Há uns dias encontrei numa livraria um título que dizia "Amo-te mas não estou apaixonado." Ri-me sozinha pela falta de sentido que a frase teve para mim na altura! Quando li o resumo percebi afinal que o livro falava da história de um casamento de anos e anos, em que uma das partes chegava a esta conclusão - amava a outra, mas não sentia paixão (seja isso o que for). Dizem os entendidos que quando a paixão acaba, fica o amor e que é isso que sobra nas relações verdadeiras. Não discuto. Eu acho que por vezes sobra é “NADA. No entanto o título do livro está ótimo e até tem humor.
Existe uma outra versão mais ligeira desta coisa cinzenta do amor e que é uma frase que me marcou particularmente - "gosto de ti, mas não estou apaixonada/o"! Não me lembro se terei dito isto a alguém, mas penso que não. Não! Não terei dito de certeza! As coisas são ou não são. Ou se gosta com amizade apenas, ou se gosta mais que isso e então, podendo ou não usar a expressão "paixão", que terá uma interpretação diferente para cada um de nós, falamos de outro sentimento, mesmo que não lhe consigamos dar nome. Nomear relações e sentimentos é aliás cada vez mais difícil. Já nada é muito linear...e por isso é melhor nem tentarmos definir, ou corremos o risco de nos perdermos em conversas longas, cansativas e confusas.
Eu só sei gostar ou não, sem discutir níveis de envolvimento, se é uma "paixão assolapada", se um "amo-te mas pouco" etc. Para mim é: gosto de ti ou não gosto de ti. Poderei no máximo adicionar a palavra "muito" e matematicamente falando teríamos algo como “gosto muito de ti”.
E é assim, simples, que quero continuar!

sábado, 17 de março de 2012

Não mudei o começo, mas vou mudar o final.

O início das coisas nem sempre é feito com o pé direito, o meio pode até ser tortuoso, mas o final, esse, é o que nós quisermos, quando e como quisermos.
Na história do mundo têm sido muitas as coisas que começam mal, mas que não acabam assim necessariamente e nas nossas vidas, não é diferente.
Alguém disse um dia: "pode não dar para mudar o começo, mas dá para mudar o final". Eu acredito nisso e no que depender de mim, o FIM ou FINAL, vão ser à minha medida.

segunda-feira, 23 de janeiro de 2012

Estado Civil: CAOS!

Com o tempo vamos ter de requisitar à Conservatória do Registo Civil, a inserção de estados civis adicionais, para além do SOLTEIRO, CASADO, DIVORCIADO e VIÚVO. Há por aí umas novas versões que não dependem da idade, cor política ou religiosa, status social ou preferência sexual. As novas designações são várias.

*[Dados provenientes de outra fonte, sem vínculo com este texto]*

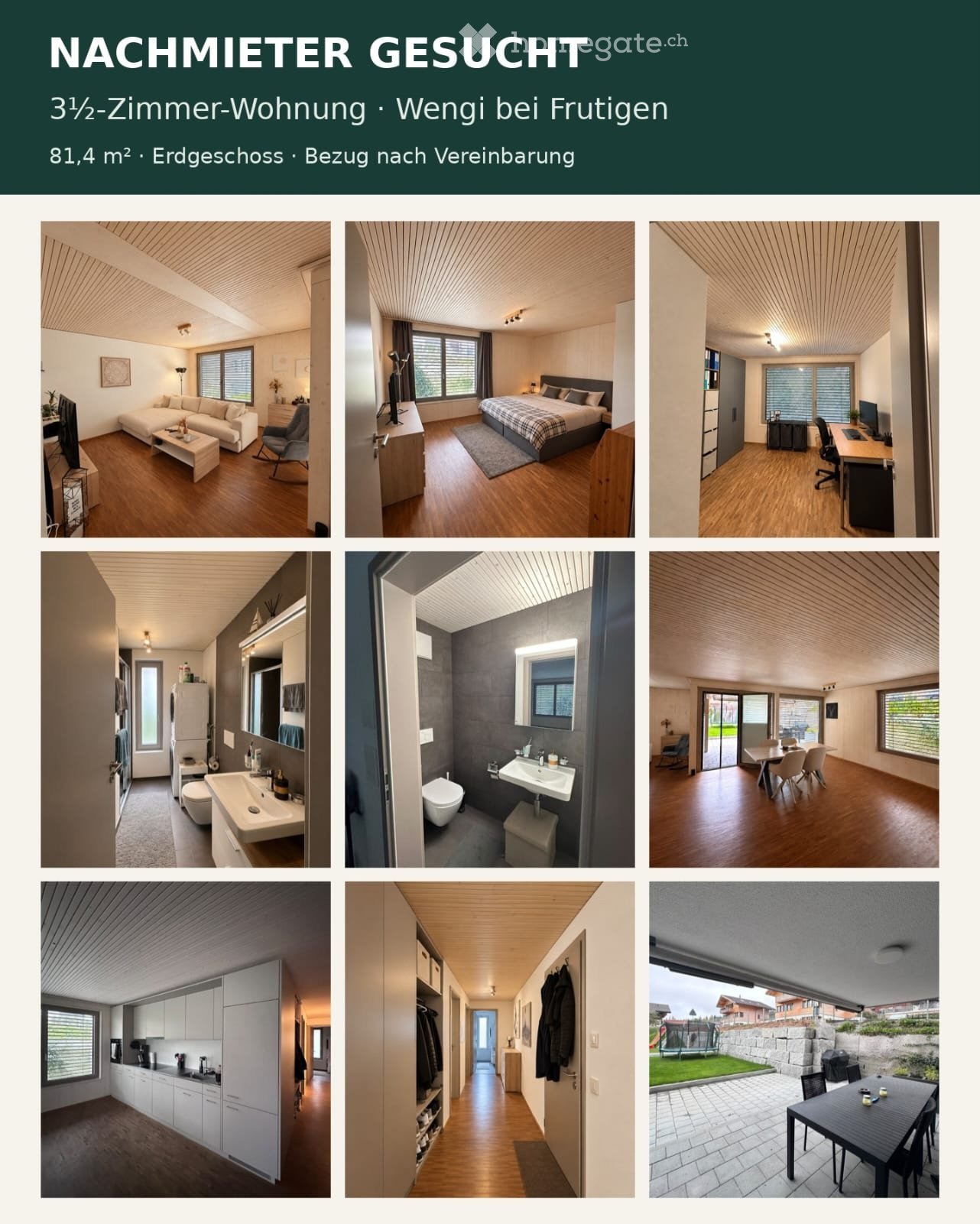 Appartamento di 2 ½ locali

Vão desde as amizades coloridas (destas, todos nós nos lembramos dos tempos de liceu), aos relacionamentos abertos, também conhecidos por "sem compromisso" (mais sem compromisso do que abertos aliás). Podem apenas designar-se por romances ou flirts (aqui se quisermos dar um ar mais internacional à coisa).
Dizem os entendidos na matéria que os astros também explicam a proliferação destes novos formatos. Há-de haver um Neptuno, não sei onde…
Os novos estados de compromisso, mas afinal sem compromisso, são idênticos aos mais conservadores, ou seja, muda o nome, mas não mudam as limitações, problemas e tipos de discussão. A grande diferença é que é mais fácil livramo-nos deles e já agora, das pessoas.

quarta-feira, 4 de janeiro de 2012

Fim de ciclo.

Tudo tem um termo e regra geral isso significa que estamos algures e de alguma forma a recomeçar.
É mais um ciclo que chega ao fim. Não que quisesse, não que tivesse feito por isso. Simplesmente acabou. Naturalmente. Sem planos. Tal como começou. Também de modo abrupto e sem qualquer planificação.
Dizem os entendidos que destruir até às bases é o princípio.
Depois posso contar-vos se foi ou não, porque para já é cedo para falar nisso.
Certo, certo é que dou por terminada esta fase. Com algumas lágrimas e também um ou outro sentimento de perda e frustração, mas com consciência que é um FINAL FELIZ.